### Your goal:
Output the data in full. Keep every word exact and exclude the pictures.

### Source material:
—————
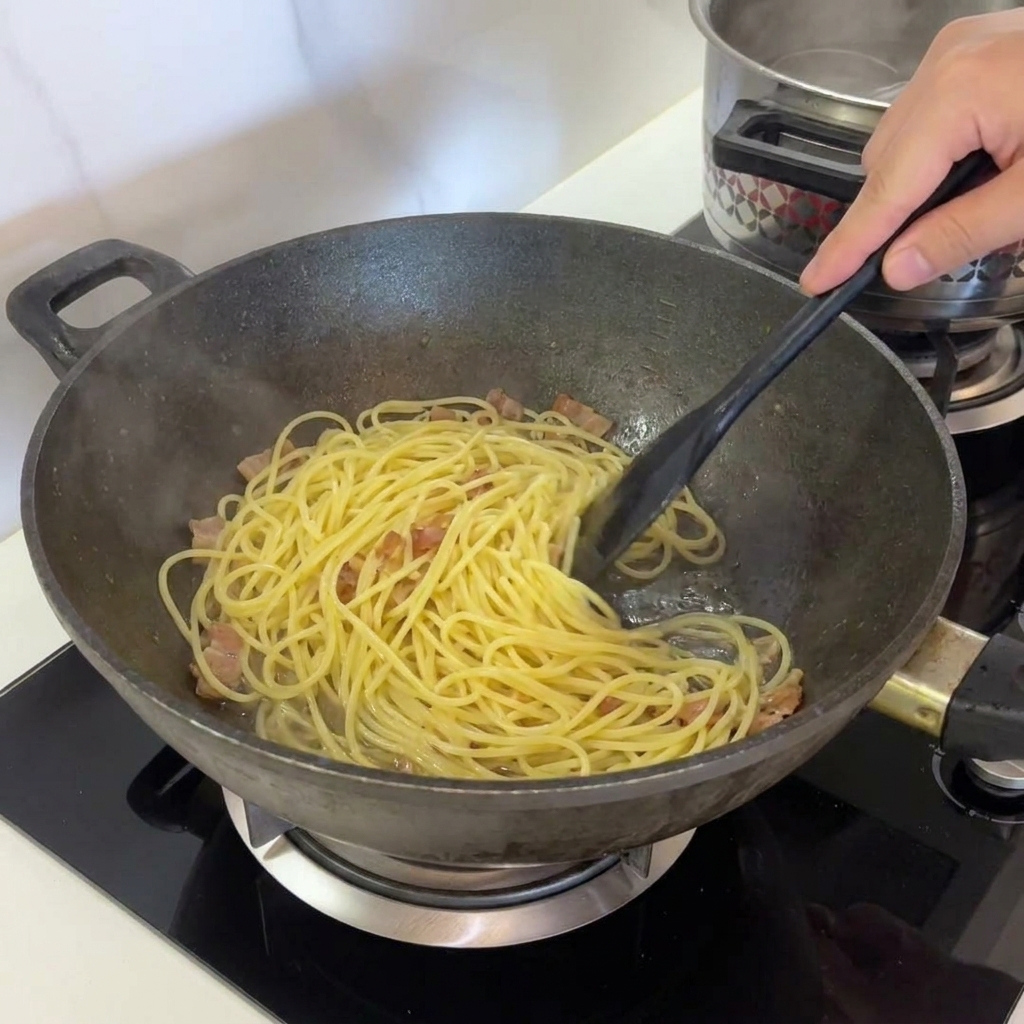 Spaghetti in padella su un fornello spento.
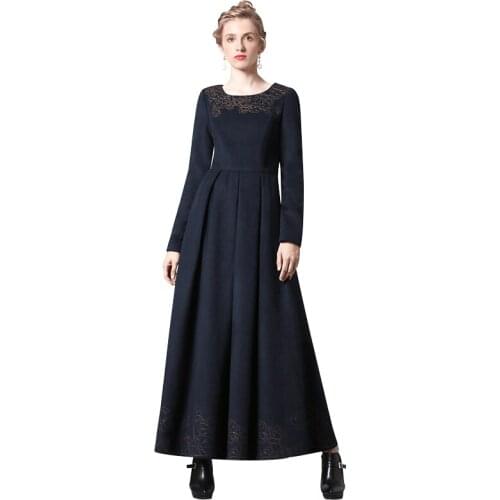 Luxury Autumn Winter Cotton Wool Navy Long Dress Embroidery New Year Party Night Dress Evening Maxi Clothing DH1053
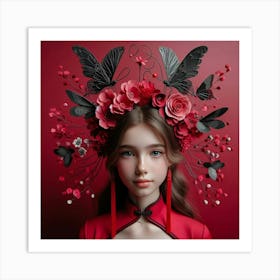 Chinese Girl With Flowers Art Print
—————
### Response:
 Spaghetti in padella su un fornello spento.
 Luxury Autumn Winter Cotton Wool Navy Long Dress Embroidery New Year Party Night Dress Evening Maxi Clothing DH1053
 Chinese Girl With Flowers Art Print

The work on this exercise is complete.